Griffin delves a little deeper into how Exertis will support its resellers.
"We think about the value that we create in the marketplace as delivering reach for vendors, delivering simplicity for both vendors and resellers in terms of supply chain, and then delivering leverage for our retailers.
"Leverage could be financial leverage, logistics leverage. It could be warehouse leverage.
"A lot of the time it's around capability leverage, so us having the wherewithal to provide design, technical expertise that they can then expand their capabilities that they can sell into resellers
"So they don't have to be a specialist in everything they can, they can leverage distribution. That's how we enable their success."

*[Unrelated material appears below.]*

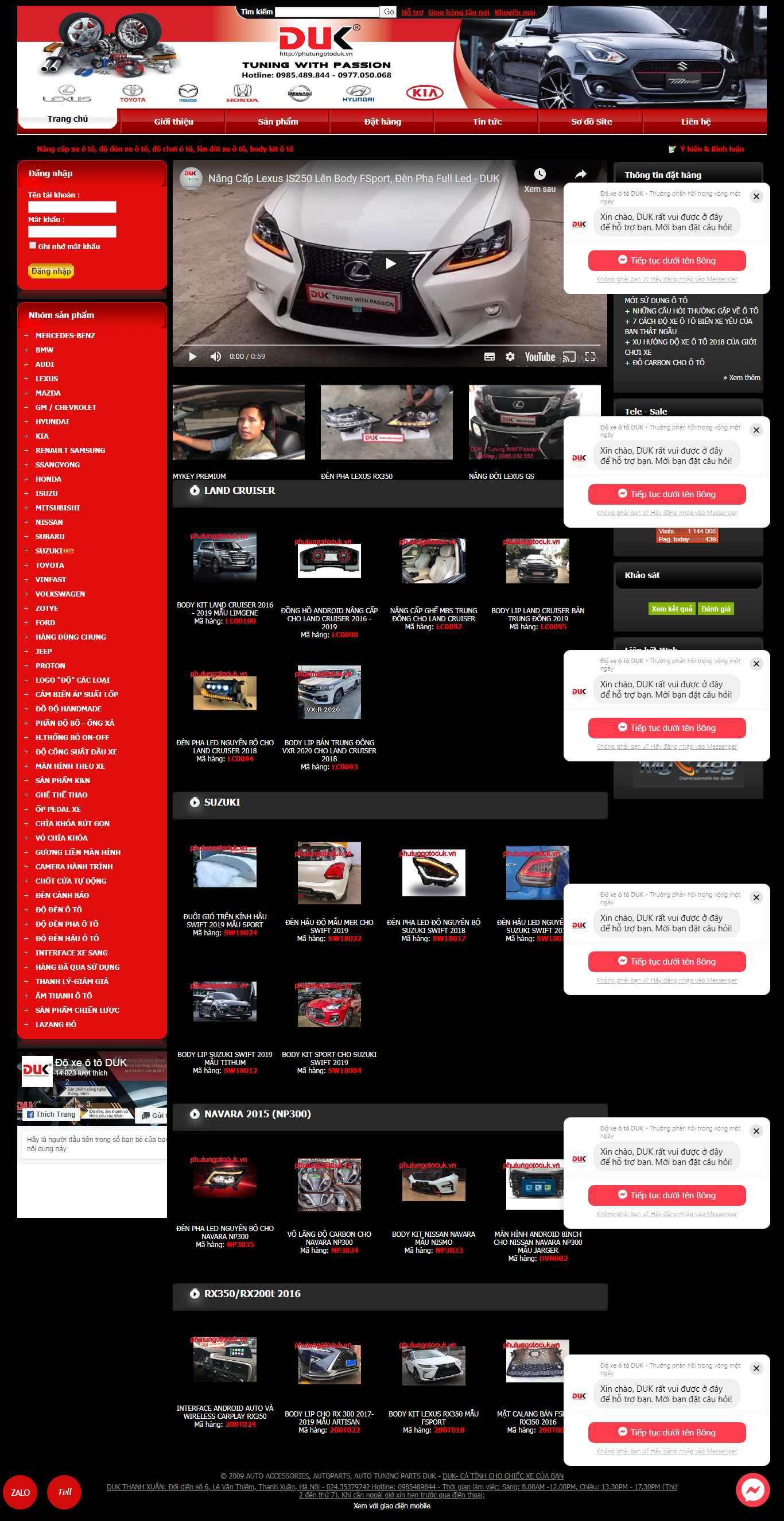 Thiết kế web đồ chơi ô tô - phutungotoduk.vn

Biggest opportunity for growth?
Griffin states a business can capture revenue growth either by the market growing or taking share.
"And so taking share in a market that's broadly flat, there's single digit growth in certain areas of the market, is really important," he says.
"The way that you do that is by exceeding your customers expectations. That ties really back to the ‘more' point I was making, more customers, more product, more often."
And his strategy to do so? Lies in operational excellence, according to Griffin.
"It's really around enabling the core elements of your business, from sales coverage to sales expertise to delighting your customer, through all the ancillary sales support functions all the way through to finance, and then keeping our promises at the back end in terms of logistics.
"Making sure you've got the stock on time and you can deliver it. All of those things in terms of operational excellence, play into being able to execute on that more strategy."